What is required: Pictures must not appear in the copy. Restate exactly the lines below from the one with "Hello everyone and" through the one with "Hello everyone, welcome", inclusive.

Given records:
+--
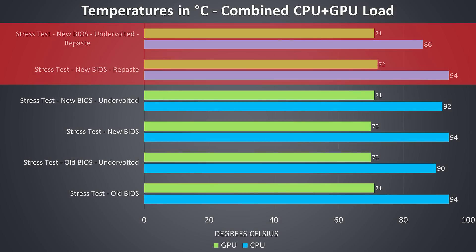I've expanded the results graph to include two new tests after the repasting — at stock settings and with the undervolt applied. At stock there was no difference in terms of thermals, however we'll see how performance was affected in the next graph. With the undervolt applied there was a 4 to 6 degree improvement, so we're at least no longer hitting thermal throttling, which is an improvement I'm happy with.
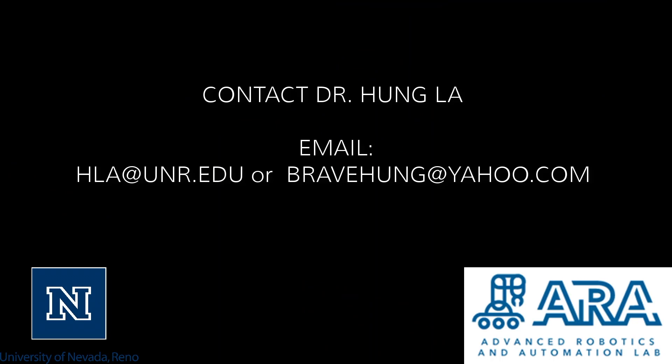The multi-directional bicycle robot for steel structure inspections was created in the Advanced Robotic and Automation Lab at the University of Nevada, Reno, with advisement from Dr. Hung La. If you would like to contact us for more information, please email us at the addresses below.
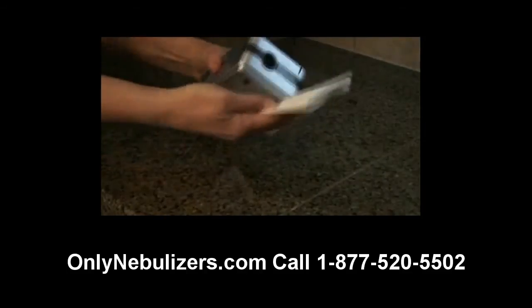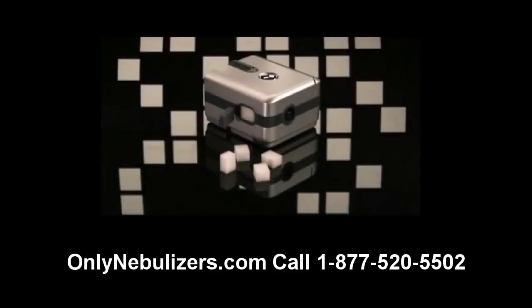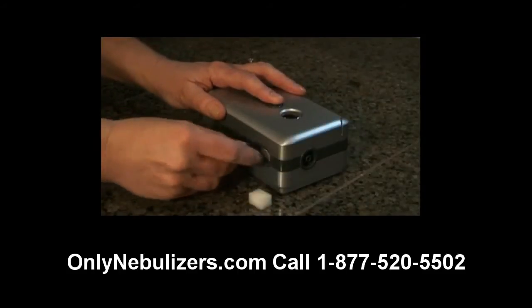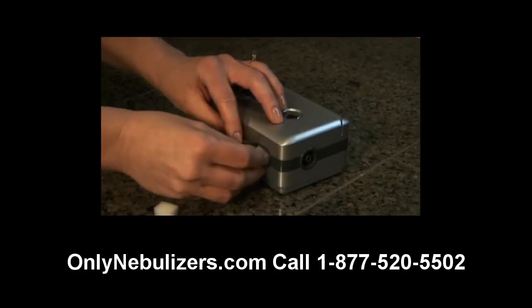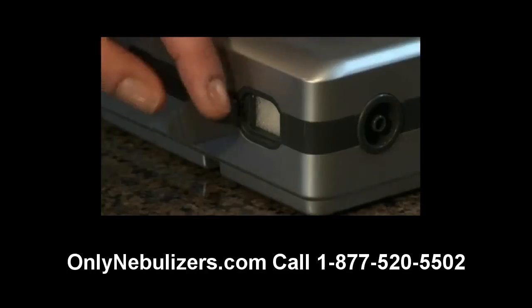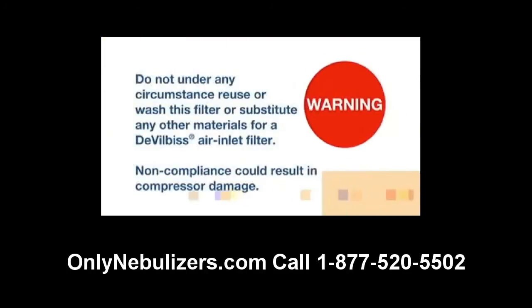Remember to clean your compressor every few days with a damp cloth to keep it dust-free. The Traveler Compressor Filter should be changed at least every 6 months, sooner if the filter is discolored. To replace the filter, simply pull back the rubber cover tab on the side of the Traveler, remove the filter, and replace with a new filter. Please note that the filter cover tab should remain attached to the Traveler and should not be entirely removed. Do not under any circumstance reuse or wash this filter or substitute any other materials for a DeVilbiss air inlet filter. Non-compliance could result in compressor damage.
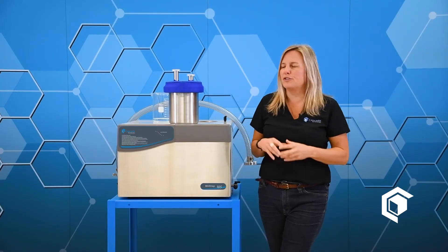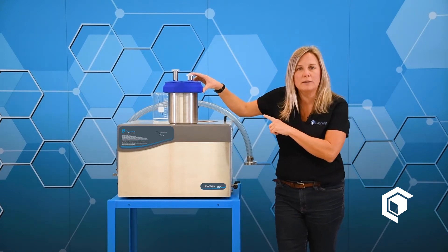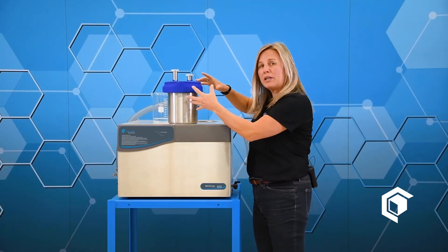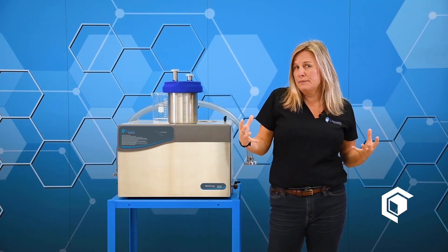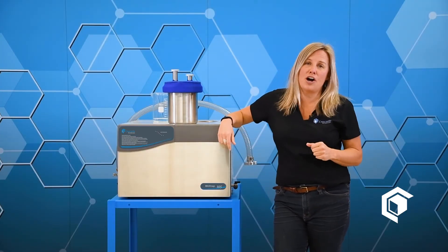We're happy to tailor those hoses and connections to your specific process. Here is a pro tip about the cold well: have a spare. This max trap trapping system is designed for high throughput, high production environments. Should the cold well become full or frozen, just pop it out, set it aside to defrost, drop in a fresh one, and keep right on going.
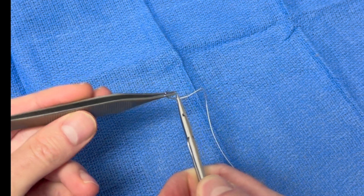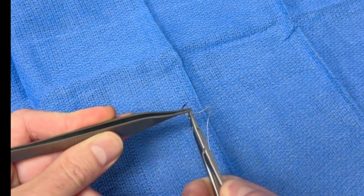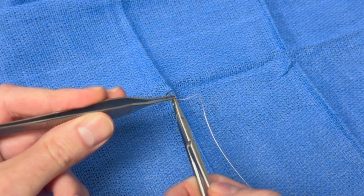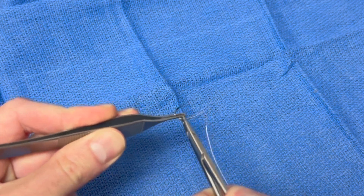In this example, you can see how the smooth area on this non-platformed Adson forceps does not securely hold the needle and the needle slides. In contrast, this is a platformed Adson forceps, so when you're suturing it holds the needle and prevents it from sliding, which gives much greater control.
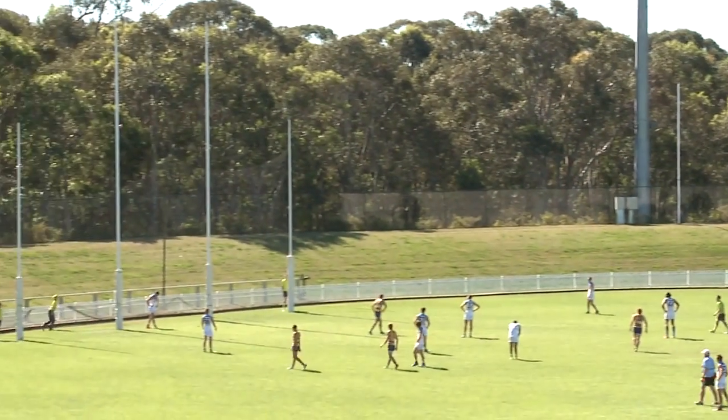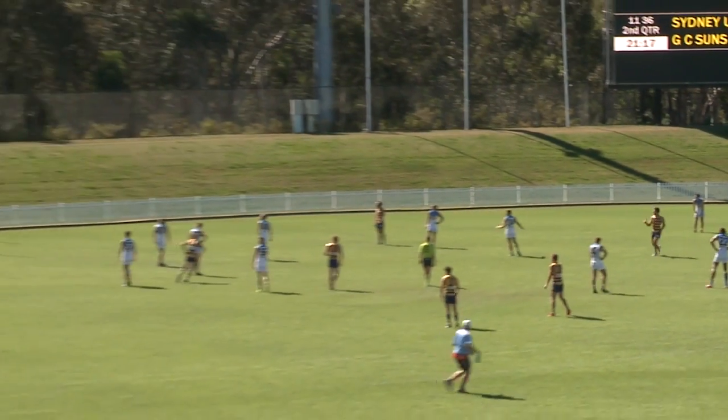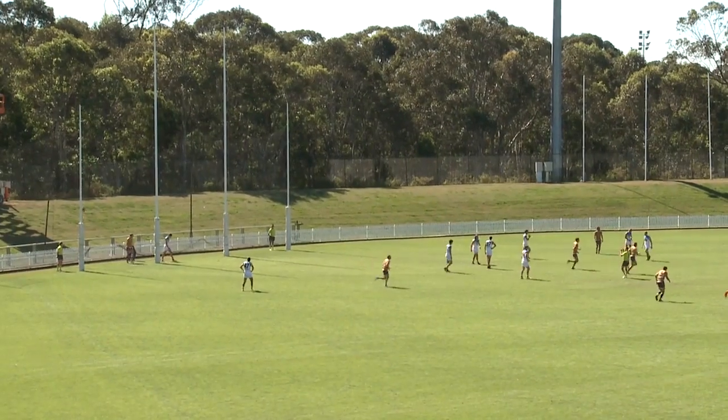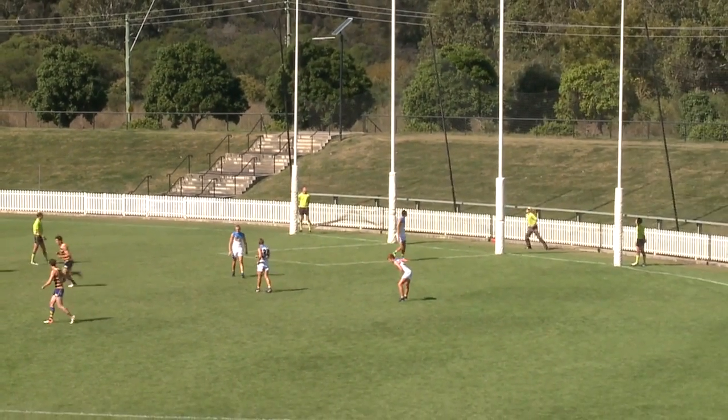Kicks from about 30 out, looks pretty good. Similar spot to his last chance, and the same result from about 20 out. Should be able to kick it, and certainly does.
+--
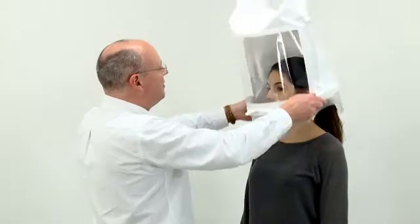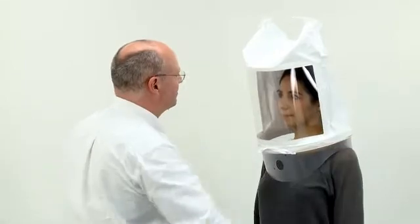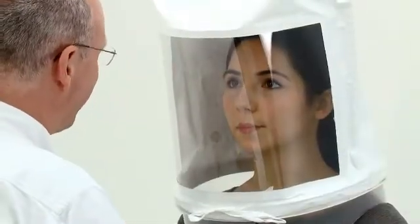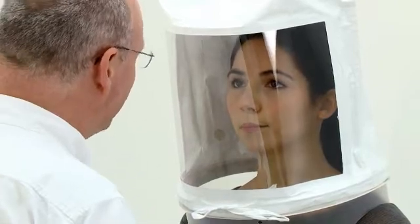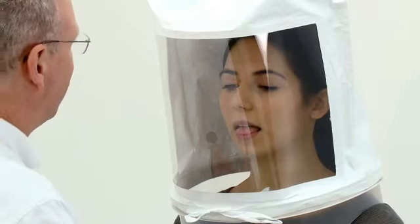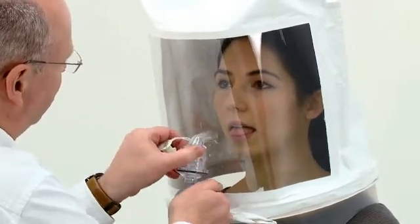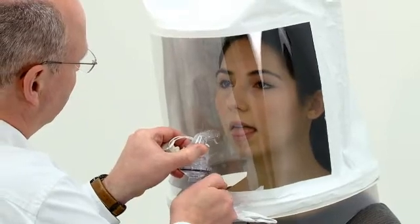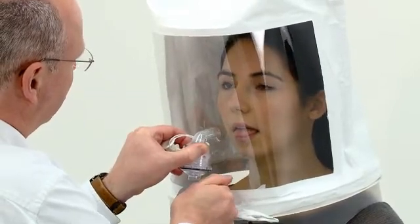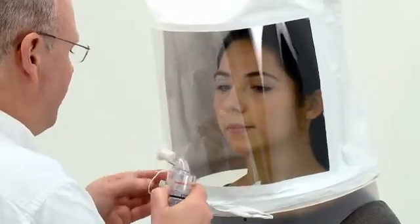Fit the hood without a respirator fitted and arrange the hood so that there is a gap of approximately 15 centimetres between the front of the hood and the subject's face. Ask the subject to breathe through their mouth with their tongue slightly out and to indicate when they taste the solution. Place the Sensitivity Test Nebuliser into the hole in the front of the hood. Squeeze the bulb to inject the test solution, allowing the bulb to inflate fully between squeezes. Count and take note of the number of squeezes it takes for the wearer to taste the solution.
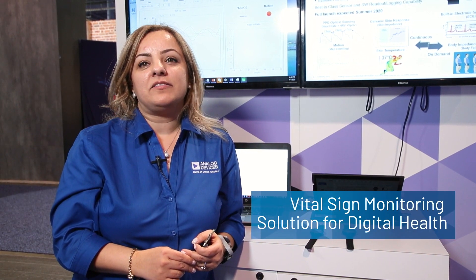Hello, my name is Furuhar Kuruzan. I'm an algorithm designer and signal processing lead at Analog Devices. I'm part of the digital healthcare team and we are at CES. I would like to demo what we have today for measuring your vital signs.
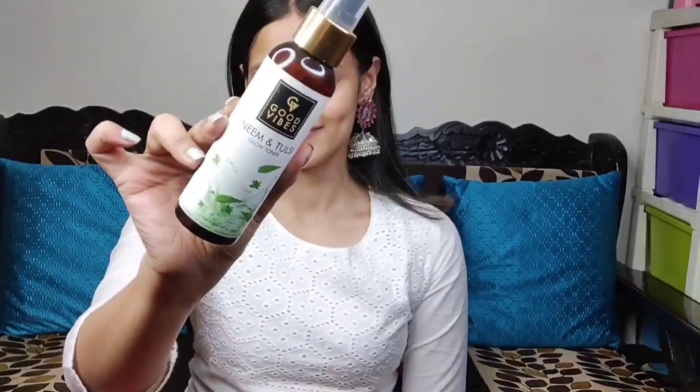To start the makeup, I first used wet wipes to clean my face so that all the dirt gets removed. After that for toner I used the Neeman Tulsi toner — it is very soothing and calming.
+--
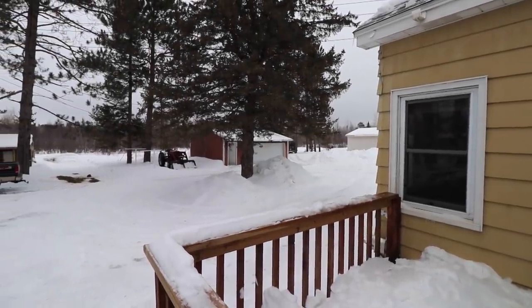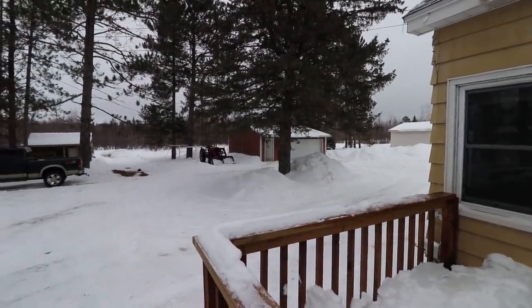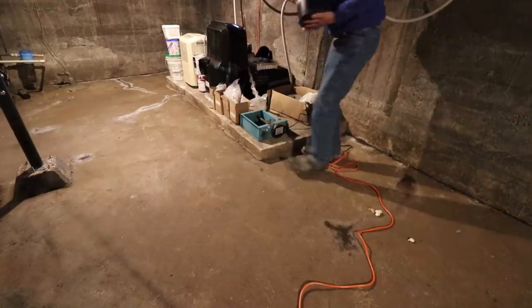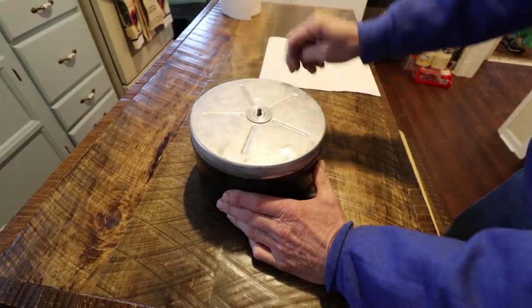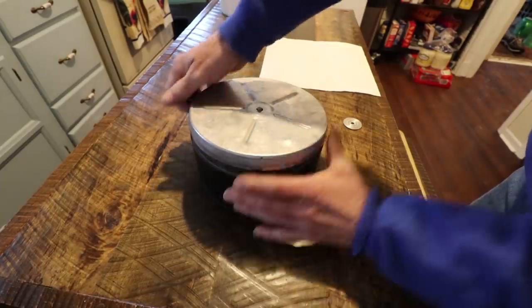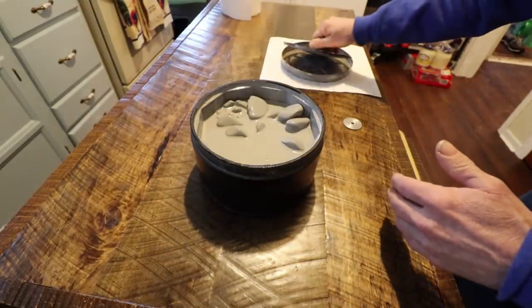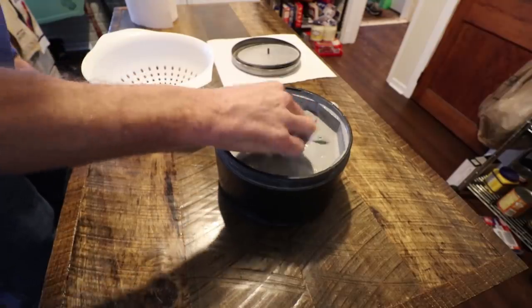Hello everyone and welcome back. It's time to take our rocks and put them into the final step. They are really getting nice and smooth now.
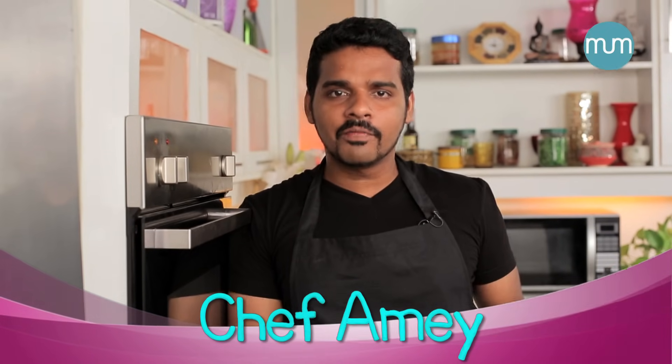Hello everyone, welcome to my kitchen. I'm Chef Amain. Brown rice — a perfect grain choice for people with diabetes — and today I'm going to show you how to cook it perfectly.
+--
Solved problem:
Hello everyone and welcome back. It's time to take our rocks and put them into the final step. They are really getting nice and smooth now.
Hello everyone, welcome to my kitchen. I'm Chef Amain. Brown rice — a perfect grain choice for people with diabetes — and today I'm going to show you how to cook it perfectly.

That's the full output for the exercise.